Beşiktaş ilk yarı boyunca rakip kaleye organize gitmekte bir hayli zorlandı. Kayserispor savunmasının kontratak tuzağına düşmemek için sabit kalması da bunda etkili oldu.
Beşiktaş ilk pozisyonunu Almeida ile buldu, kaleci Sinan harika çıkardı. Ardından da Olcay net golü kaçırdı. Devre golsüz bitecek derken, Kayserispor savunması ve hemen ardından kaleci Sinan ilk ciddi hatasını yaptı, defans arkasına sarkan Olcay da şık bir vuruşla ağları havalandırdı.
Olcay'ın devre biterken attığı şık gol, Ertuğrul Seçme'nin planlarını bir anda alt üst etti. Ertuğrul Hoca sanırım tıpkı Galatasaray maçındaki gibi son dakikalara kadar 0-0'ı korumak ve 75-80 gibi Nobre kozunu oynamayı düşünüyordu ama oyuna erken müdahale etmek zorunda kaldı. Nobre ile Mijailovic'i, Engin ile de Okay'ı değiştiren Kayserispor'un hocası yerinde tercihleriyle cesaretini gösterdi, oyun da dengelendi. Nobre karşı karşıya pozisyonda eski takımına golü atsa yaptığı hamlenin meyvesini de erkenden alacaktı.

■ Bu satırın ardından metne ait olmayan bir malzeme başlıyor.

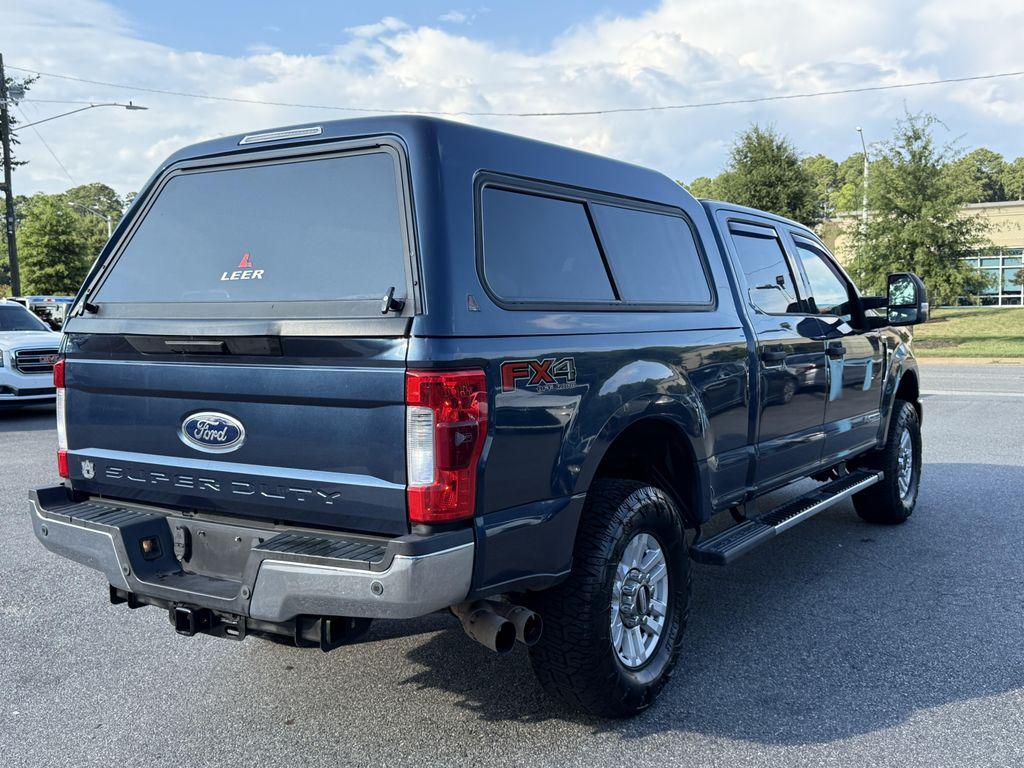 used 2017 Ford F-250 car, priced at $30,895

Necip sakatlanınca Oğuzhan'ı sahaya süren Bilic, jokeri Atiba'yı sağ beke çekti. Atiba'nın orta sahadan eksilmesi ikinci yarının ilk dakikalarında defansif açıdan bir zaafiyet oluşturdu fakat Oğuzhan'ın hücum katkısı beraberinde golü de getirdi. Bobo'nun boş pozisyonda kafayla Tolga'ya teslim ettiği pozisyonun hemen ardından sahneye çıkan Oğuzhan, kaleci Sinan'ı ters köşeye gönderip kendine has bir vuruşla topu filelerle buluşturdu, takımını rahatlattı.
Beşiktaş son 20 dakikalık bölümde 2-0'ı korumaya çalıştı, Kayserispor ise bütün riskleri alarak hücum etti. Okay'ın uzatmadaki golü, skoru belirlemekten ve son anlara heyecan katmaktan başka işe yaramadı.

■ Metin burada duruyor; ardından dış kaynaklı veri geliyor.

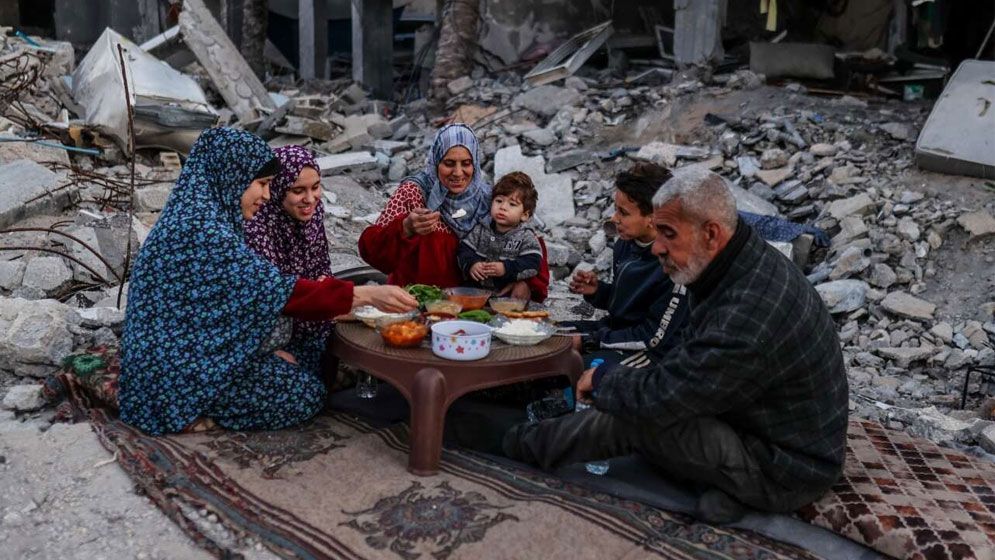 গাজায় ছড়িয়ে পড়ছে দুর্ভিক্ষ, জাতিসংঘের সতর্কবার্তা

Beşiktaş çok eksik çıktığı maçta ikincilik için çok değerli bir galibiyet aldı, derbinin sonucunu beklemeye başladı. Fenerbahçe de, TT Arena'dan puan veya puanlarla ayrılırsa haftanın kazananı Beşiktaş olur.
Hakem Cüneyt Çakır, skor 1-0 iken Bobo ile Dany arasındaki mücadelede kariyerine ve kalitesine yakışmayan ciddi bir hata yaptı. Son adam Dany'nin, Bobo'yu arkasından çekerek indirdiği pozisyonda kartın rengi kesinlike kırmızı olmalıydı, ama Çakır anlaşılmaz biçimde sarı kartını kullandı. Bu pozisyonun ardından Beşiktaşlı taraftarların Dany'yi bir süre ıslıklaması kartın ne kadar hatalı olduğunu anlatmaya yetiyordu.
Çakır’ın, Abdullah ile İsmail arasındaki pozisyonda verdiği devam kararı ise bana göre doğruydu. Çünkü İsmail'in hareketi ilk bakışta bir engelleme gibi görünse de üzerine koşarak çarpan rakibinden kendini kurtarma şansı yoktu.